Tuesday, December 15, 2009

Julia's Chain

Yesterday I wasn’t having the best day. Not that many things were really wrong…. It’s just that sometimes you can’t be happy and chipper and upbeat. I don’t have many days like this and for that I am very grateful. The day started off by getting Julia to school late – unexpectedly, her insulin pump was low and she wouldn’t have enough to get her through the day. (We’re still working on predicting that one.) Since we were late and Sara, Julia’s Occupational Therapist, was going to be working with her, I thought I would sit in on the session and see what they were working on. Sarah was asking Julia to draw a series of straight and diagonal lines to connect dots and make a mirror image of an already drawn sample. I knew they had been working on this for a while. As I stood there watching Julia and seeing how patient Sarah was with her, my heart was breaking.
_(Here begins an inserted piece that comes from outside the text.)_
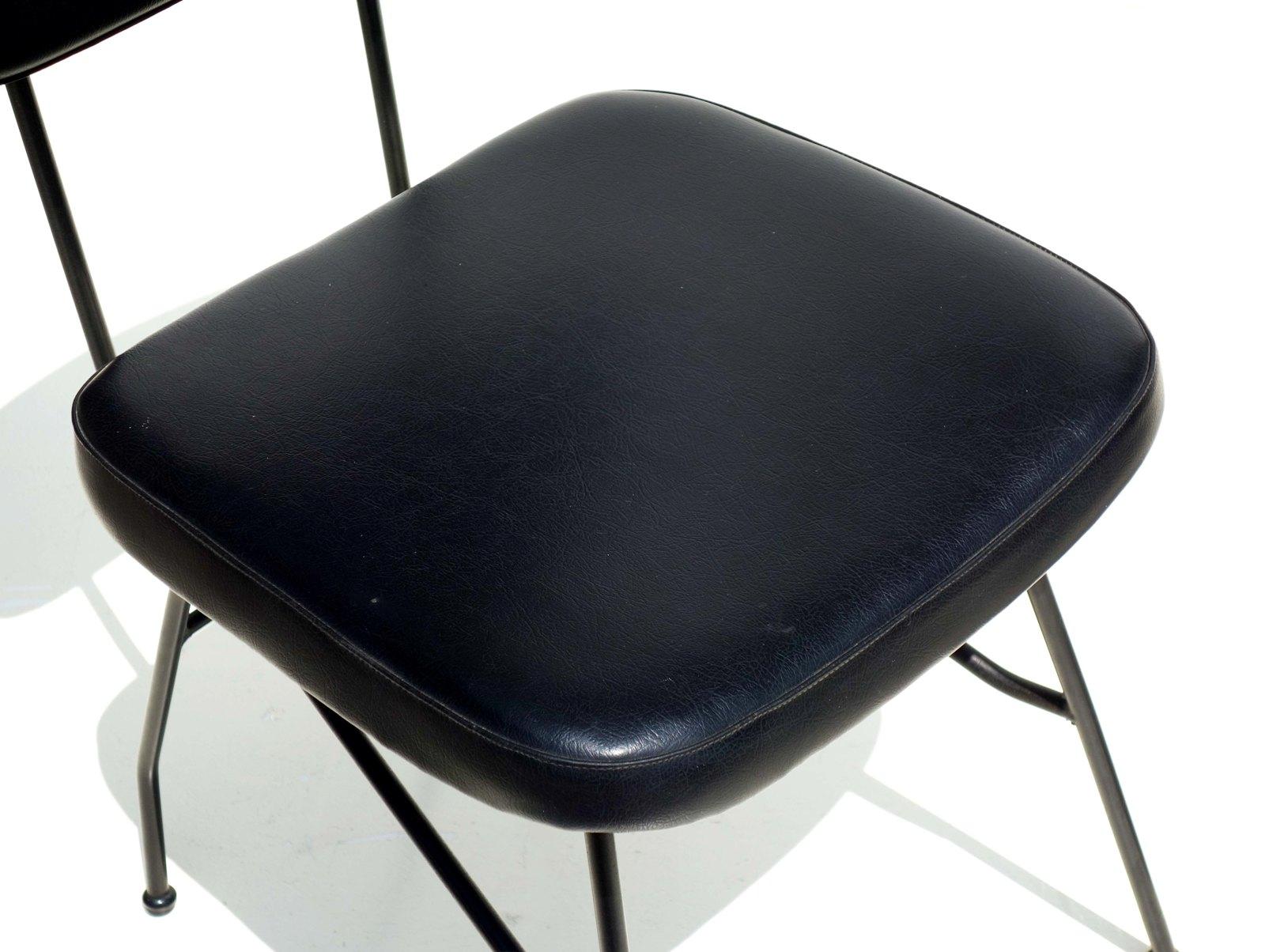 Años 50 por Gastone Rinaldi para RIMA Pareja de sillas de diseño italiano de mediados de siglo Moderno de mediados de siglo en venta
Julia has a lot of trouble with anything spatially related due to her hydrocephalus. It took her a good ten minutes to do this one little drawing and lots and lots of patient coaching. It was good for me to see but that was the reason my whole day was thrown off.
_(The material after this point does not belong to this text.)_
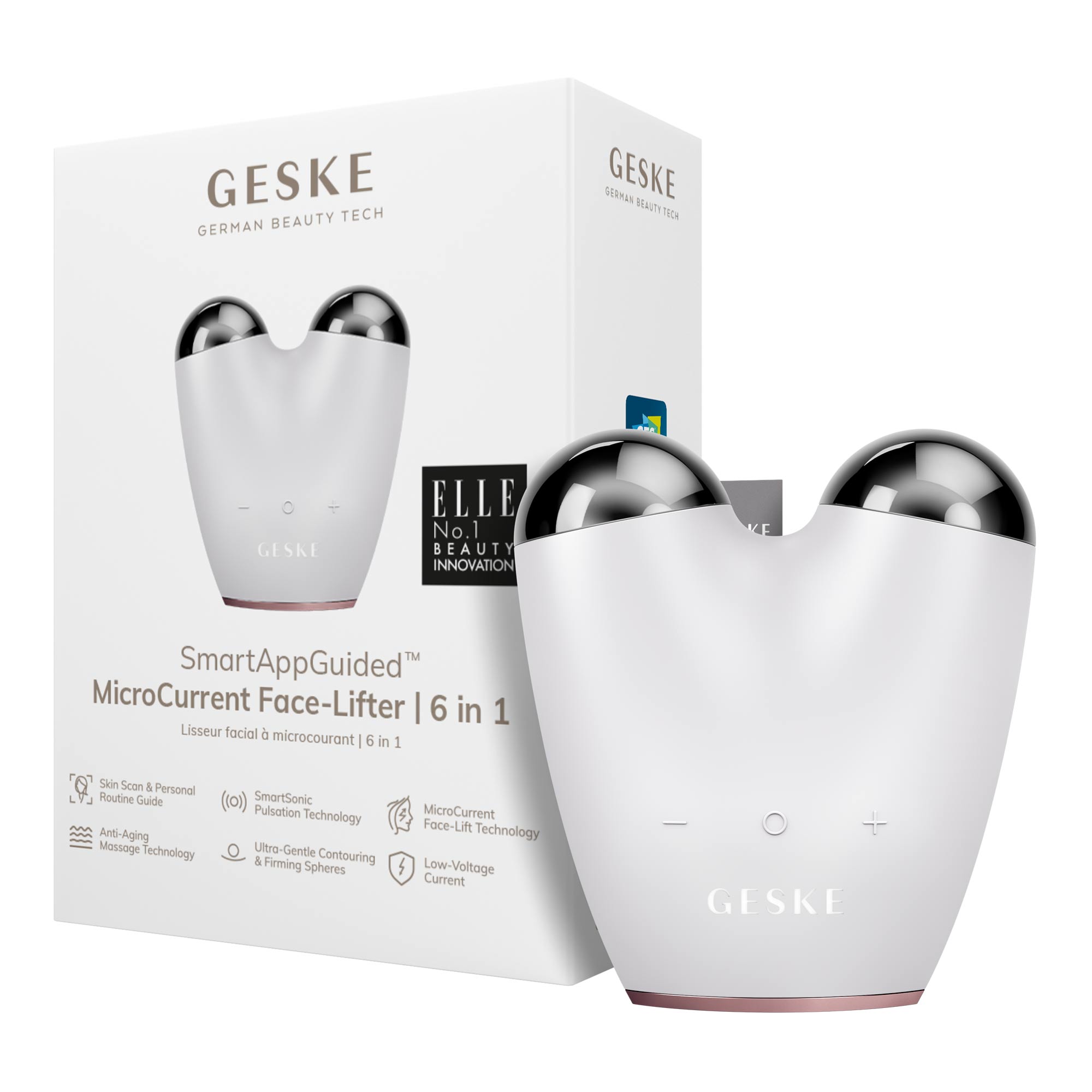 Microcorriente Lifting Facial 6 en 1 Starlight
Last spring, just before Julia turned 11, she finally learned to tie her shoes. It was a huge milestone for her. Something that you and I take so much for granted – passing a string under another string, making a loop with one of the strings, wrapping a string around the loop, and then pulling another loop through. It is automatic for me and maybe for you too. But learning this proved to be really, really difficult task for Julia. We were so happy when she could tie her shoes but let’s just say, it still isn’t easy. She wears slip-on shoes every day otherwise we would never get out of the house.

This past summer Julia told me she wanted to learn to knit. For a couple months, she had been wrapping yarn around two needles and imitating my arms and hands moving. I knew this would be really hard for her and I have never pushed her. I don’t want her to feel that just because I knit, she needs to. I want her to find something she likes and then tries to get good at and enjoy. I want her to find her own passion and successes, not Mommy induced torture.
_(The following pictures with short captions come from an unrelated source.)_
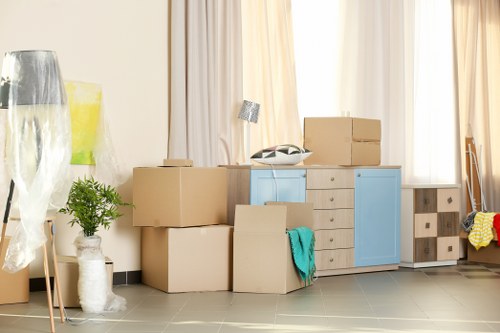 Professional packing services for a Harrow home move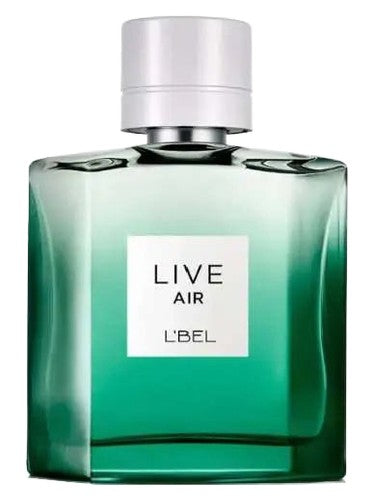 L'Bel Live Air fragrance bottle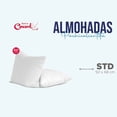 thumbnail image 3 of Par Almohada Estandar Pachicalientita Microfibra Concord, 3 of 3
So I tried to teach her to knit but it just didn’t work. I wasn’t surprised but if she wanted to give it a go, I was game. Then I tried a Knitting Nancy doll which I had bought when she was an infant, just hoping that one day she might want to learn to knit. We tried but holding the yarn with one hand tight against the upright pegs and trying to pull the loop over the yarn that was on the peg wasn’t possible for Julia.

I decided to try to teach her to finger knit. I didn’t hold out much hope for it either. We sat there on the couch, me slipping the slip knot on her finger and pulling the yarn over it, she watching. She said to me, “Mommy, let me try it.” “Okay, Julia, you go ahead,” I said. I held my breath and she struggled to pull the loop over the yarn on her finger. She did it. Then she did it again. We both were so happy. She kept practicing and finally she was able to finger knit on her own without any of my help. On our car trip to Maine this summer, she kept asking me to start her finger knitting. She still can’t figure out how to make a slip knot. I kept making slip knots on the pink Julia Yarn we had brought with us and passing them to the back seat. She kept making little chains, about 10 loops long and then stopping. But she was doing it. Inside my Mommy brain I was screaming and jumping with joy.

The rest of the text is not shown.